LoqiRoam · 旅日記
坂の向こうで、時間が三度ほどけた
神社の静けさ、空堀の坂と長屋、日本茶の休憩、難波宮跡の広がりをつないだ。
谷町九丁目を出ると、まず生國魂神社の境内で大通りの音が一枚薄くなった。都会の真ん中に残る森のような間が、最初の小さな発見だった。南へ歩いて四天王寺へ向かうと、五重塔と中心伽藍の軸線が視界を整え、街歩きがいつの間にか古代から続く時間の中へ入っていく。そこから空堀商店街へ戻る道では坂が現れ、町家や新しい店が隣り合う風景に、暮らしの歴史がまだ動いていることを感じた。路地奥の茶舗で、鉄瓶の湯を冷ましていれる日本茶を味わったのが二つ目の発見。ひと息ついたあとは難波宮跡公園へ足を延ばし、大極殿の基壇や八角形建物の表示を見ながら、芝生の上に古代の都を想像した。最後に北部ブロックの新しい公園と商業施設を眺めると、遺跡は保存されるだけでなく、今日の人の居場所にもなっている。過去、路地、湯気、そしてこれからの公園。三つどころか、時間の重なりそのものを拾えた午後だった。
この旅の足跡
- 境内に入ると、近くの大通りの音がふっと薄くなった。生國魂神社は大阪最古の神社とされ、都会の真ん中に森のような間が残るのが意外だった。

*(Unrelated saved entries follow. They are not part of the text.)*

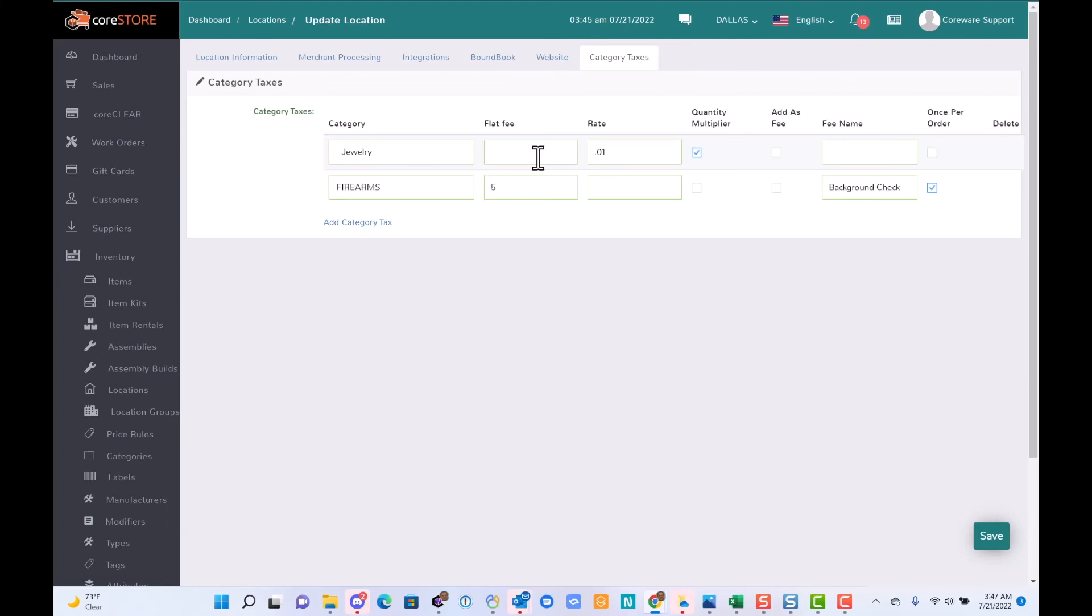Thank you for watching this video. Hopefully this will help you stay in compliance if you are in a municipality that charges taxes for specific categories. Thanks again.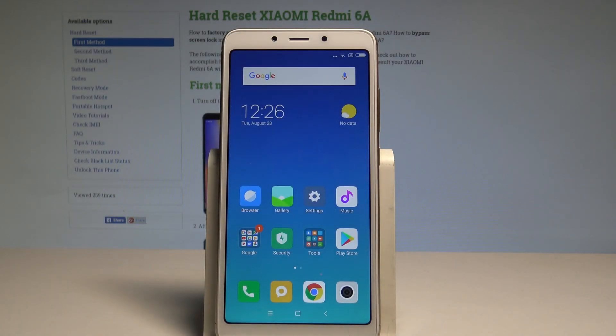Here I have Xiaomi Redmi 6A and let me show you how to use Do Not Disturb mode on the following device.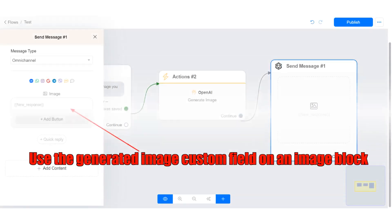Insert the custom field where the generated image was saved in an image block. Let me show you.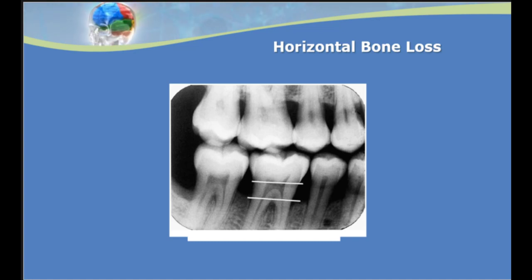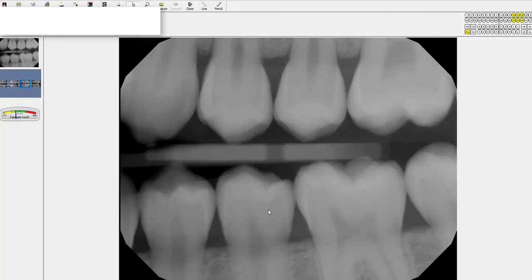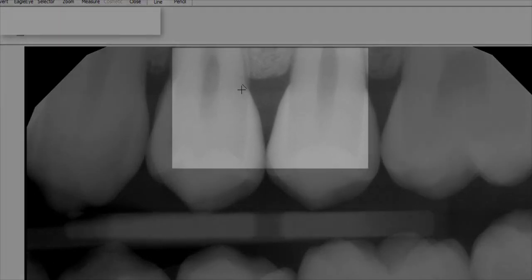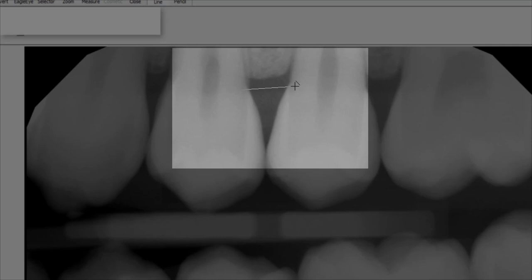There's a useful feature in Eaglesoft to help with this assessment. When assessing radiographs in Eaglesoft, there are tools to aid in evaluation — eventually you won't need them, but they're handy, especially when you're uncertain about bone loss. There's a line feature you can click; if it's not in your toolbar you can find it under Tools at the top. Instead of an imaginary line from CEJ to CEJ, you can actually draw that line from the CEJ of one tooth to the CEJ of the adjacent tooth.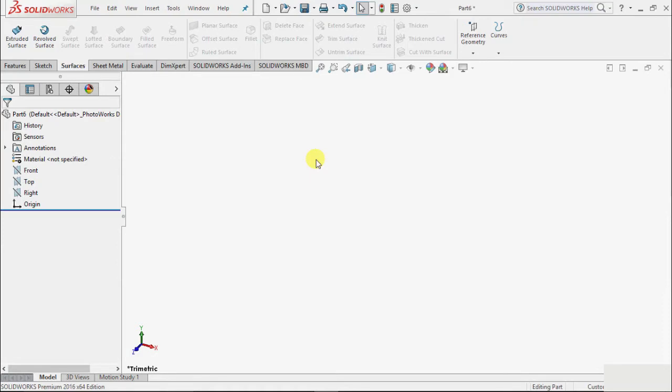Welcome to SOLIDWORKS Tutorials. In this tutorial, we will continue with surface modeling and learn about the next command in surface: knit surface.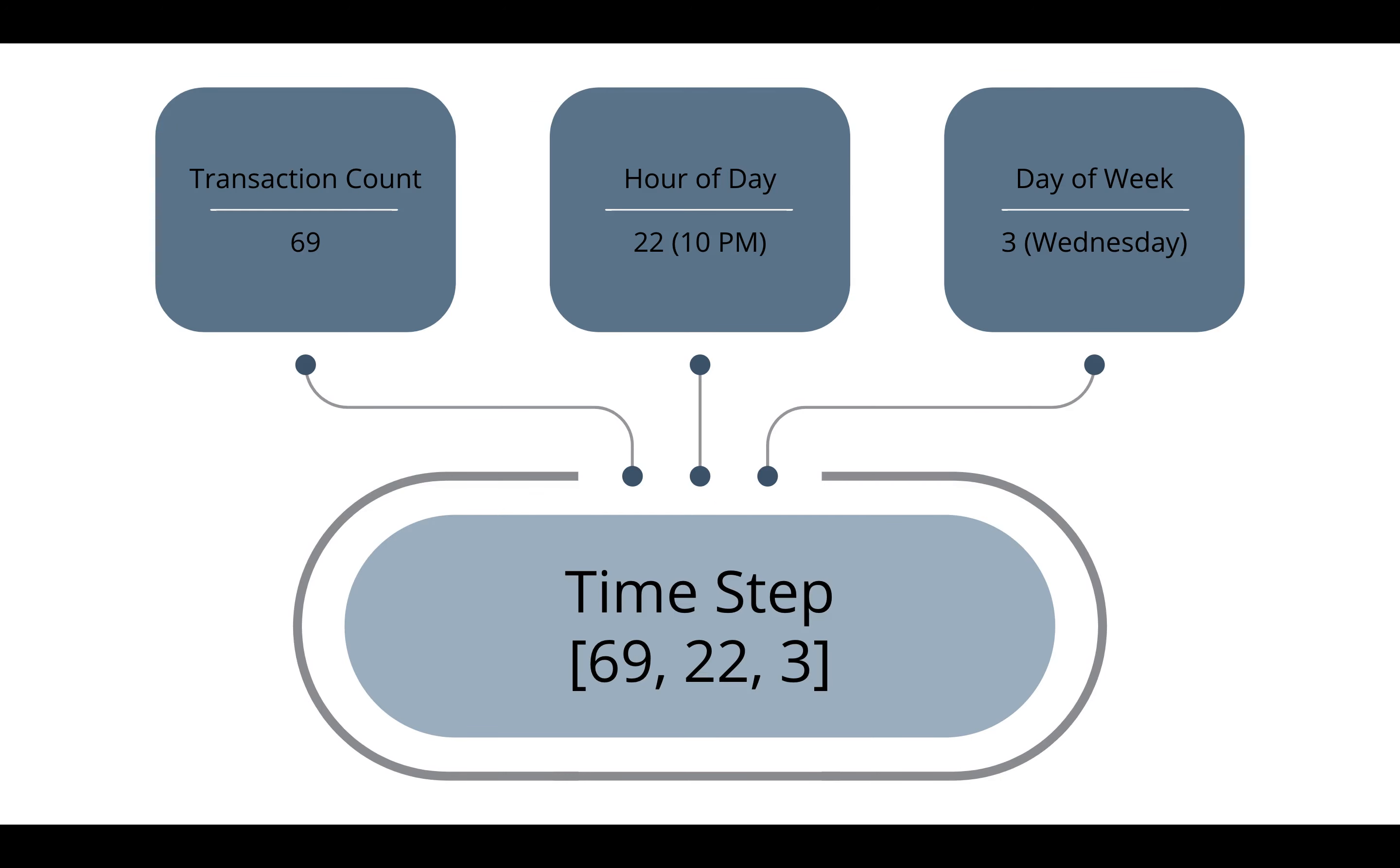Firstly, data is split into multiple time steps and each time step consists of three features: the transaction count, hour of day, and day of the week.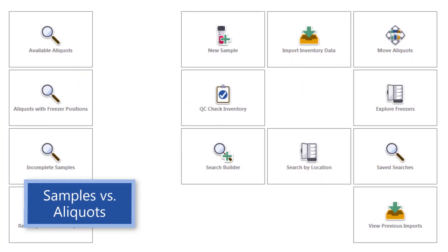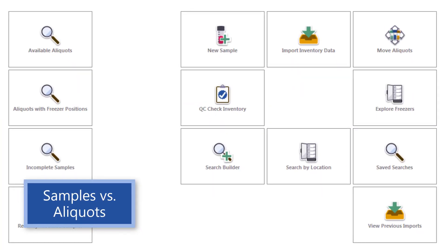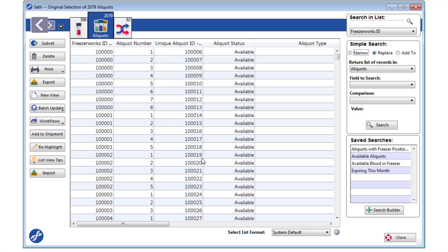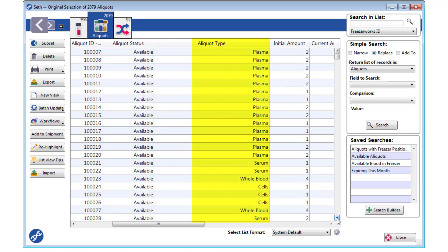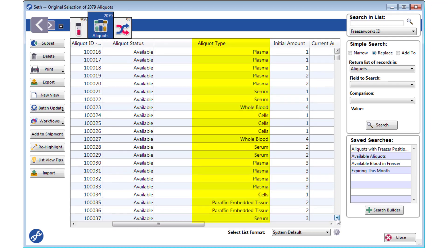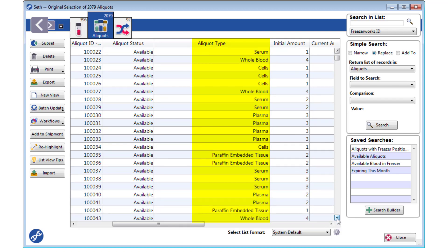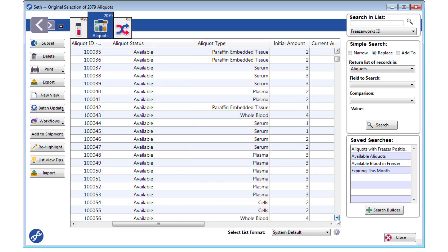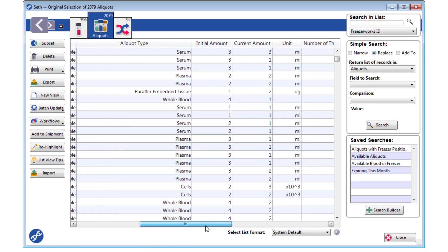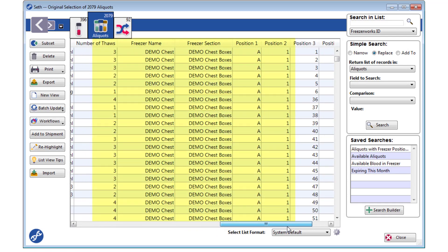If you've been using Freezerworks for a bit, or looked into the software at all, you've probably stumbled across the word aliquot more than a few times. The word itself means portion of a sample, and in the many different systems we serve, this portion can take on many different forms — a vial of serum or plasma, slides of saliva, DNA extraction tubes, wells in a plate, paraffin blocks, tissue cassettes, the list goes on and on. But in Freezerworks, an aliquot is always the thing that holds a position in the freezer.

- 石畳の先に五重塔が立ち、中心伽藍と庭園まで拝観案内に並んでいる。古い寺なのに配置が驚くほど明快で、歩くほど視線が中央へ戻っていった。
- 空堀商店街は約800メートル続き、坂道を抱えた珍しい商店街だという。古い町家の気配と新しい店が隣り合い、曲がり角ごとに時間が混ざる感じがした。
- 路地奥の結音茶舗では、天然湧き水を使い、鉄瓶の湯を冷まして急須で日本茶をいれるという。看板の向こうにこんな丁寧な時間があるとは、坂道のご褒美みたいだ。
- 難波宮跡公園には大極殿の基壇や八角形建物が立体的に示され、古代の都の輪郭を今の芝生で想像できる。足元は公園なのに、頭の中だけ時代が大きく移った。
- 北部ブロックは2025年に開園し、公園と一体の商業施設も整備された。古代遺跡のそばに新しい居場所が生まれていて、旅の終点が過去だけで終わらないのが面白い。